Lucious’ oldest son Andre, not a Yes Man, is the only sensible one in the room: “‘Drip Drop’ is good. I guess.”

Right, Andre. “Drip Drop” and its hook (“She make that thang go/ Drip, drop, drip drippity drop”) is the epitome of everything good and wrong about Empire‘s soundtrack so far. As David Turner notes in his Deadspin piece about the show’s outdated score, there’s a disconnect. This is a bad song. But Hakeem’s raps are so cliché and over-exuberant that it fits perfectly with the show’s intentional parody and campiness. I don’t expect Number One hits here.

“Drip Drop” plays again as Hakeem records the music video, which features green-screen footage of him on a jet ski and a bed scene where he’s surrounded by women in lingerie. Since he and his crew are obsessed with recording Vine videos as proof of their exploits, Hakeem gets a clip of himself bragging, saying, “When this video drops, it’s gon’ put Drake, Kendrick Lamar, J. Cole and all those cats on notice. I’m dead-ass serious. I’m not playin’ with these dudes, man.”

“Drip Drop” plays again when Hakeem shoots additional video scenes with Tiana and some fake rain (watch above).

“Drip Drop” is about to turn Hakeem into a legend. He tells Jamal: “You still worrying ’bout singles when I’m bout to be iconic.” Bigger than Drake. Good news: You can buy “Drip Drop” on iTunes. Sad news: Drake has yet to respond to my challenge about a “Drip Drop” freestyle.
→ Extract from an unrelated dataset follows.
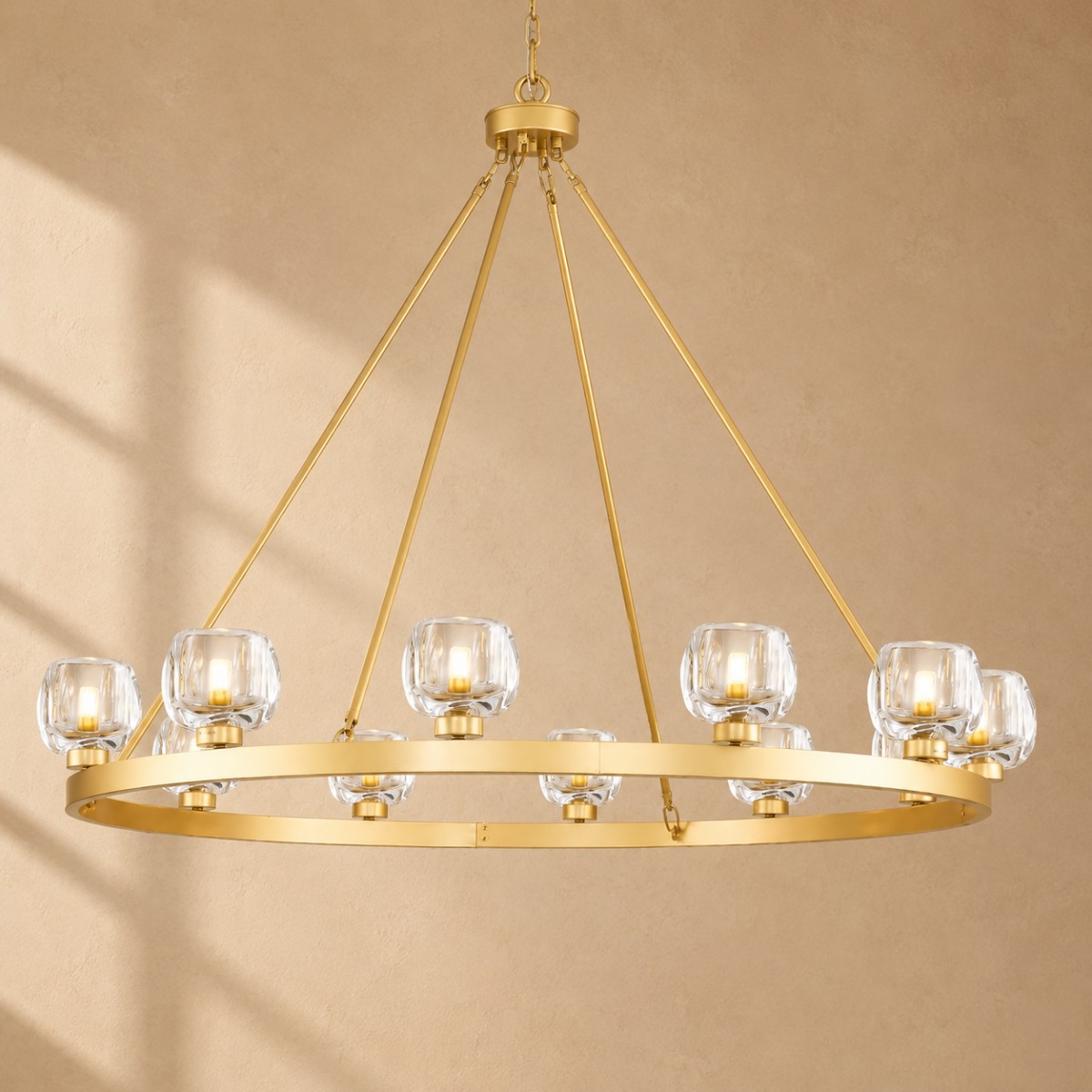 Wagon Wheel Crystal Round Chandelier - XYlight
Other notable moments from last night’s episode:

—After their red carpet event, Hakeem drops off Tiana. Waiting for her at home is… her side chick India. Tiana is cheating on Hakeem, which is a slap in the face to an already cheating Hakeem. When he learns about it through some unknown blogger named Perez Hilton, Hakeem confronts Tiana and she lets him know, “Look, you got a sidepiece, too.” He can’t argue with that logic.

Lucious later tries to cheer up his son using math: “Your girlfriend has a girlfriend. Add that up. Two girlfriends. That’s a mathematician’s dream.”
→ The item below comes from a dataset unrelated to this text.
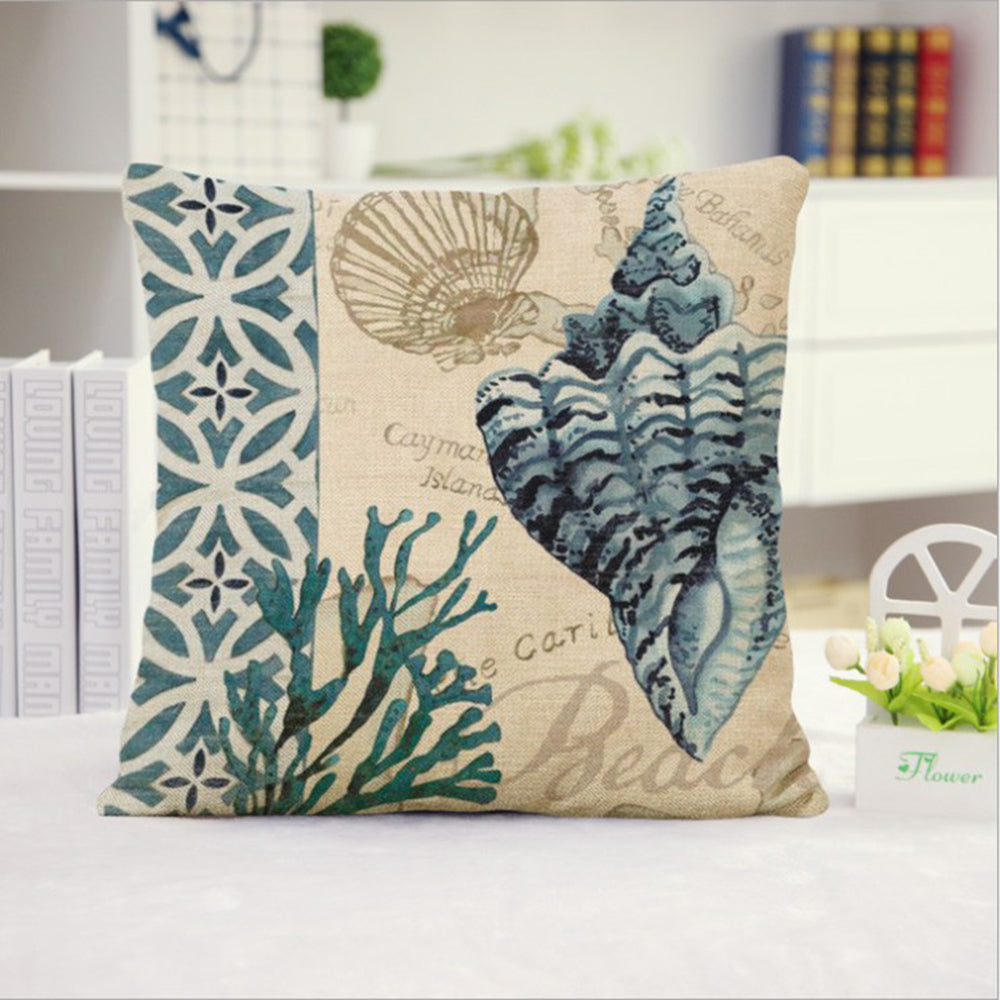 Coastal Nautical Throw Pillow 18x18 | Beach House Decor | Seaside Accent Pillow with Insert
—The sibling rivalry between Hakeem and Jamal continues as Jamal holes up in a Bronx studio to record his own smash record. It’s good. But it sounds like a song that’ll be somewhere in the top-10, looking up at “Drip Drop” at No. 1.
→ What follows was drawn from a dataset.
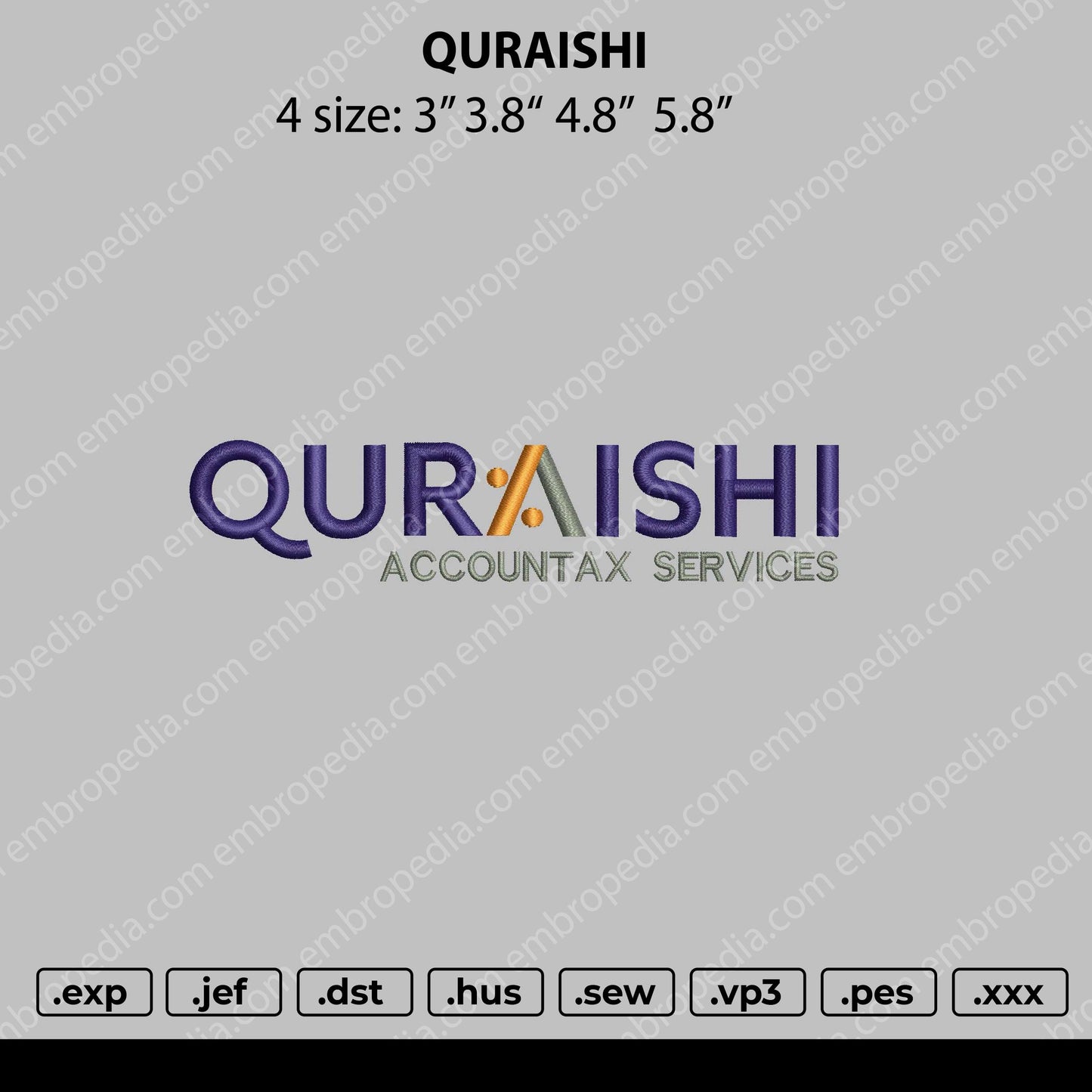 Quraishi Embroidery FIle 4 size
—Cookie is slipping. The federal agent who got her an early prison release has tricked Cookie into testifying about the guy she saw shoot an undercover Fed. “I just snitched on him in court,” says Cookie. “Dead bitch walking. That’s me.” Cookie later screws up when she prematurely orders a hit on an innocent man, after finding a rose in front of her door and assuming she’s a marked target.

—This week in Cookie-isms: After learning about Tiana (who’s now managed by Cookie) and India, Cookie tells her, “You’s a freak, but that’s a good thing. We can sell that.” When a racist cabbie makes a “You people” reference, Cookie quips, “You black like me.” Her most iconic statement to date comes earlier in the episode when she leaves Jamal at the studio: “The name’s Cookie. Ask about me.”